→ **The problem**
Write out the entire listing below exactly, with the pictures left out.

→ **Available records**
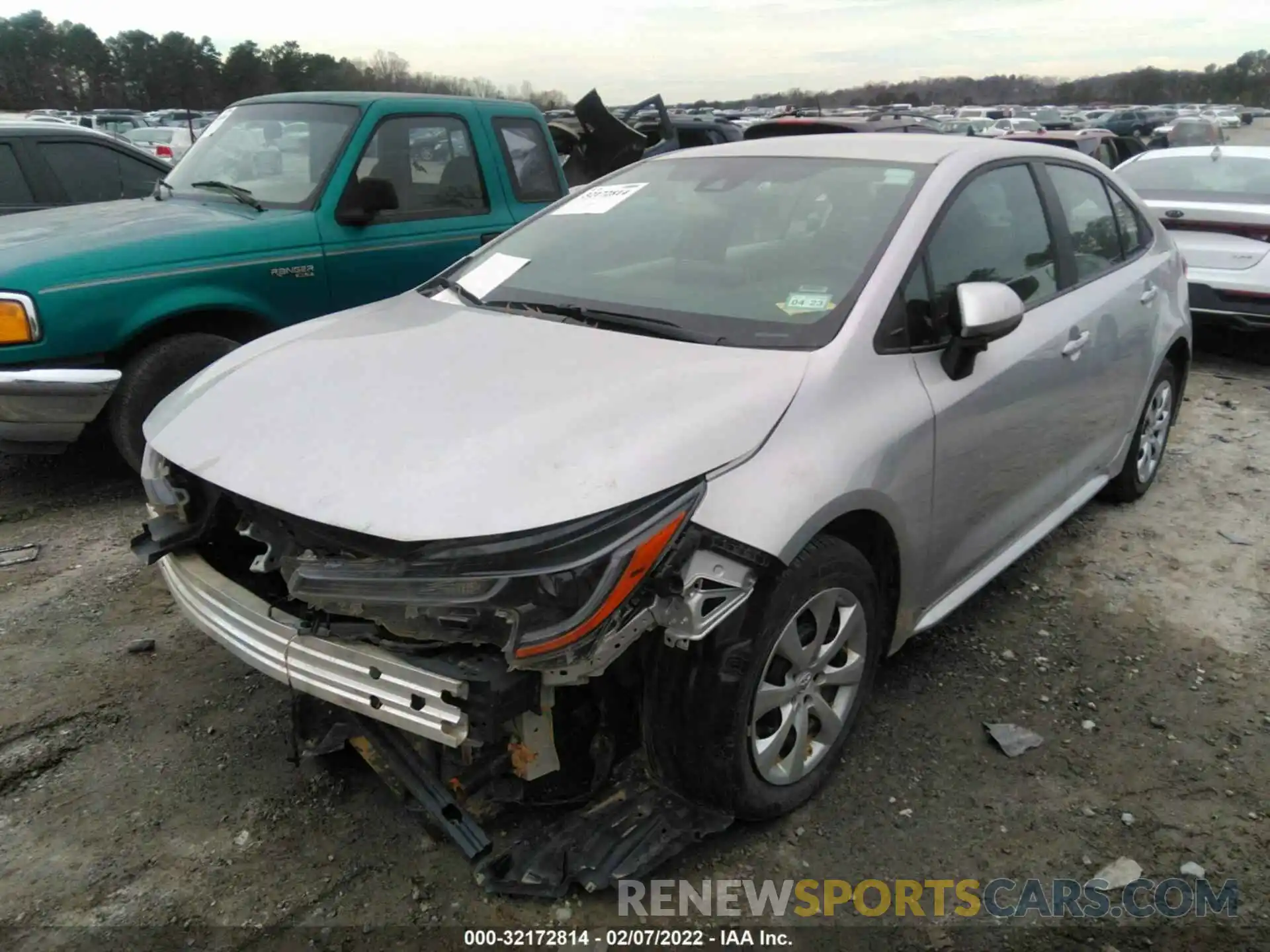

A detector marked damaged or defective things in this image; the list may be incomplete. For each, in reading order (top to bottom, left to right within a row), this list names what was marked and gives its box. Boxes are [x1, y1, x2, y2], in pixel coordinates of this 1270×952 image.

exposed bumper reinforcement bar [0, 368, 120, 452]
exposed bumper reinforcement bar [159, 555, 472, 751]
damaged front end of car [130, 446, 762, 893]
broken headlight [279, 485, 706, 665]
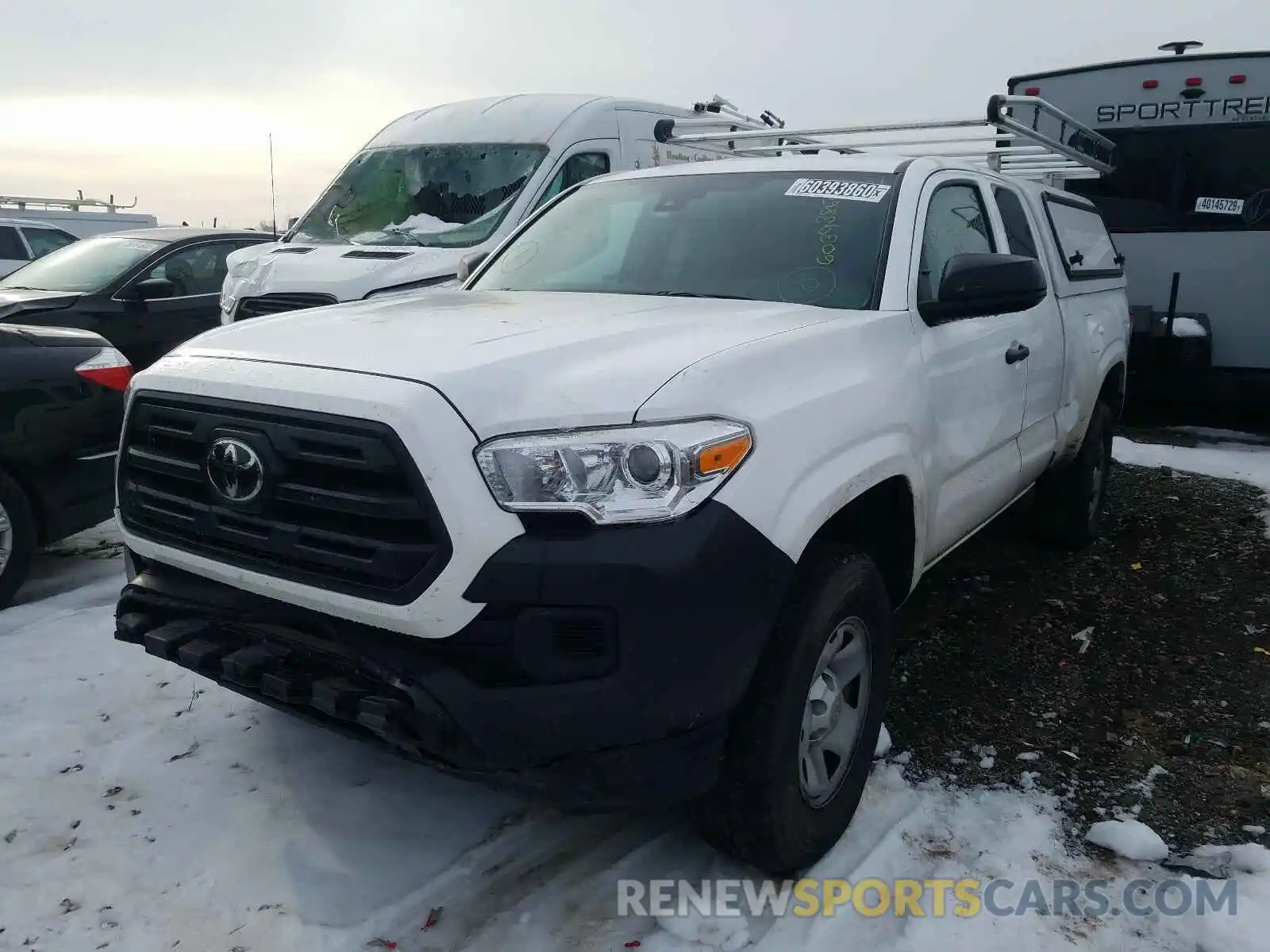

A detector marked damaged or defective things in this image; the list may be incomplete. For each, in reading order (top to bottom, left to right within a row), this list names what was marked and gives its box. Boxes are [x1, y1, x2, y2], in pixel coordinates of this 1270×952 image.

damaged windshield [291, 141, 549, 248]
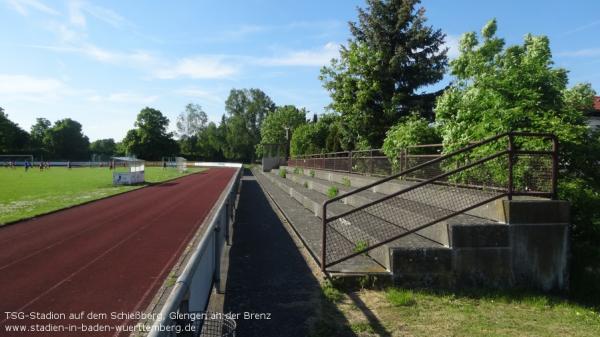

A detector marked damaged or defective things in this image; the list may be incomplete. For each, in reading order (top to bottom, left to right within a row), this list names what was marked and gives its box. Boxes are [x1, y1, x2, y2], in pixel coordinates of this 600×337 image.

rusty metal railing [314, 131, 556, 270]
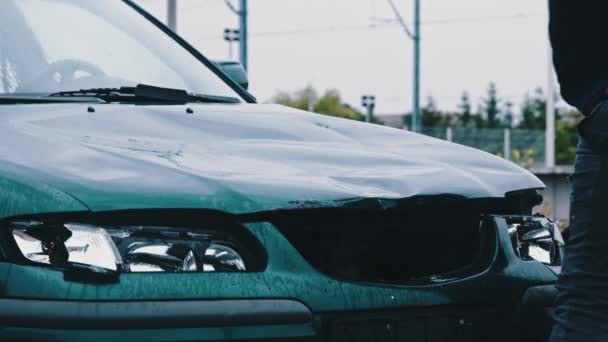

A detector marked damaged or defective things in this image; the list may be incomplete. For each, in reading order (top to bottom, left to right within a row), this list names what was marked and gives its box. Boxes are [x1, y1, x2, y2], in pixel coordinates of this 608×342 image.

crumpled hood metal [0, 103, 540, 215]
dented car hood [0, 103, 544, 218]
broken headlight [8, 222, 258, 280]
broken headlight [504, 215, 564, 266]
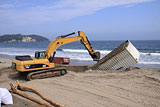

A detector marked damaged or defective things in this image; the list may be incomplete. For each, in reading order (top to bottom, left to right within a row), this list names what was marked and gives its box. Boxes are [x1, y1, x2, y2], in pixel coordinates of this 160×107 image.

rusted container [91, 40, 140, 70]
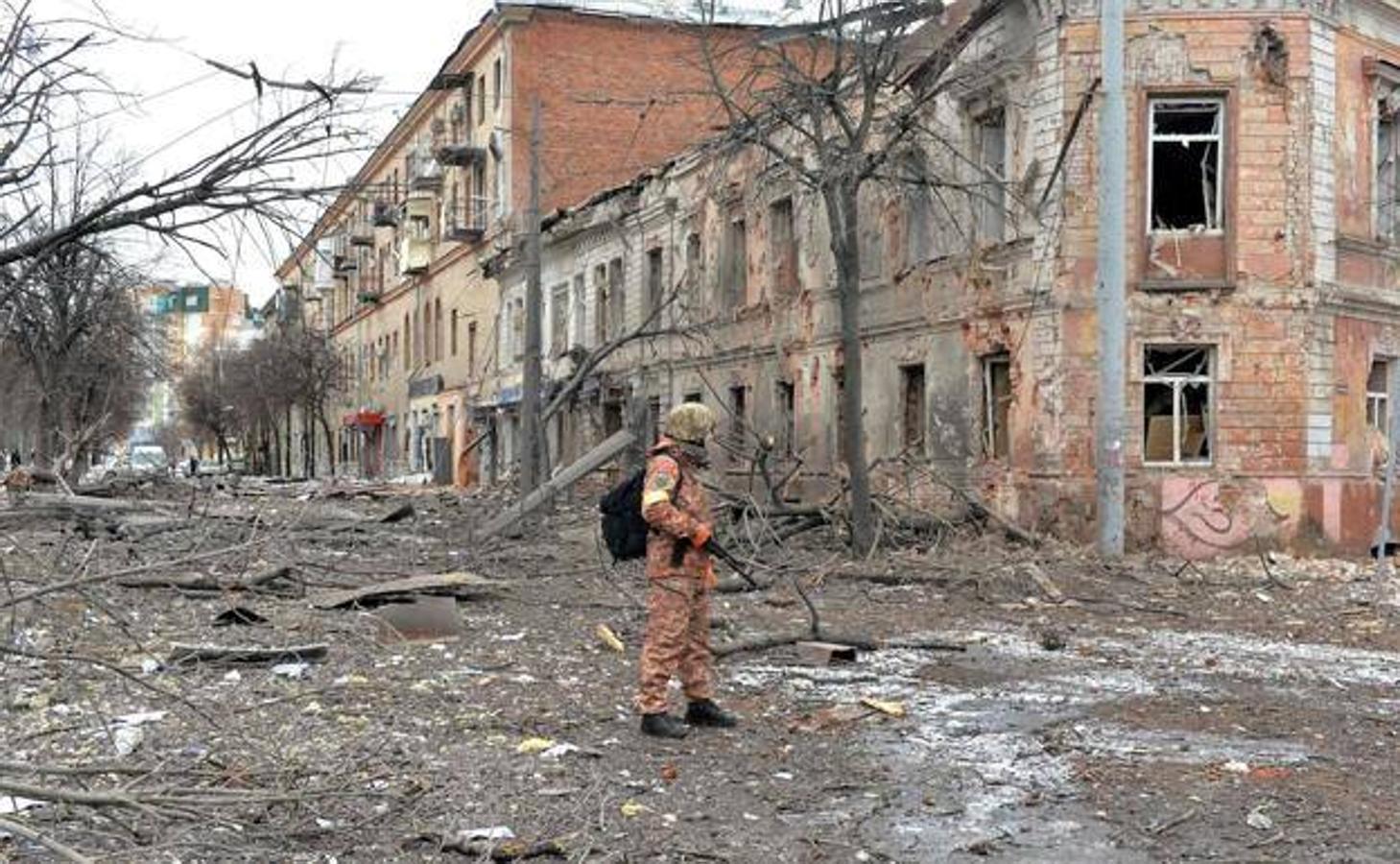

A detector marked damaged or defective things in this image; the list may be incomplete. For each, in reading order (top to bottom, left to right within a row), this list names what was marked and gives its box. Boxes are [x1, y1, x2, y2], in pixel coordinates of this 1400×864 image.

→ **Answer to this exercise**
A detector marked damaged or defective things in this image; the list may be incomplete. For each, in reading order (top to bottom, left to right within a row), this list names what was marked and gives its box. Boxes are [x1, y1, x2, y2], in pixel coordinates of this 1270×952 image.

exposed bumper reinforcement bar [0, 368, 120, 452]
exposed bumper reinforcement bar [159, 555, 472, 751]
damaged front end of car [130, 446, 762, 893]
broken headlight [279, 485, 706, 665]

A detector marked damaged or defective things in this image; the list may be incomplete. For each, in reading order (top to bottom, left to right within a row), this list names what was marked and gives its box. Boxes are [x1, y1, x2, y2], in pixel coordinates of this 1270×952 image.

damaged windshield [291, 141, 549, 248]

A detector marked damaged or defective things in this image; the list may be incomplete. For each, in reading order (top to bottom, left to right within a row), this list names what was marked and gives its box. Boxes are [x1, y1, x2, y2], in pixel coordinates of this 600×337 image.

rusty metal railing [314, 131, 556, 270]

A detector marked damaged or defective things in this image; the list may be incomplete. For each, in reading order (top to bottom, left to right within a row), this list names what was marked and gives its box. Boxes are [x1, y1, x2, y2], in pixel coordinates of this 608×342 image.

crumpled hood metal [0, 103, 540, 215]
dented car hood [0, 103, 544, 218]
broken headlight [8, 222, 258, 280]
broken headlight [504, 215, 564, 266]

A detector marked damaged or defective things in this image; the list may be incomplete. For each, in reading order (top to bottom, left to right within a row), this list names what was marked and gives its box. Boxes are [x1, y1, x2, y2], in pixel coordinates of this 160×107 image.

rusted container [91, 40, 140, 70]

A detector marked damaged or defective things in this image; the list may be incomplete. For each, in reading order (top to bottom, left to right within a row), this list names what was marked and gives its box. Boxes are [x1, y1, x2, y2], in pixel coordinates of this 1400×864 image.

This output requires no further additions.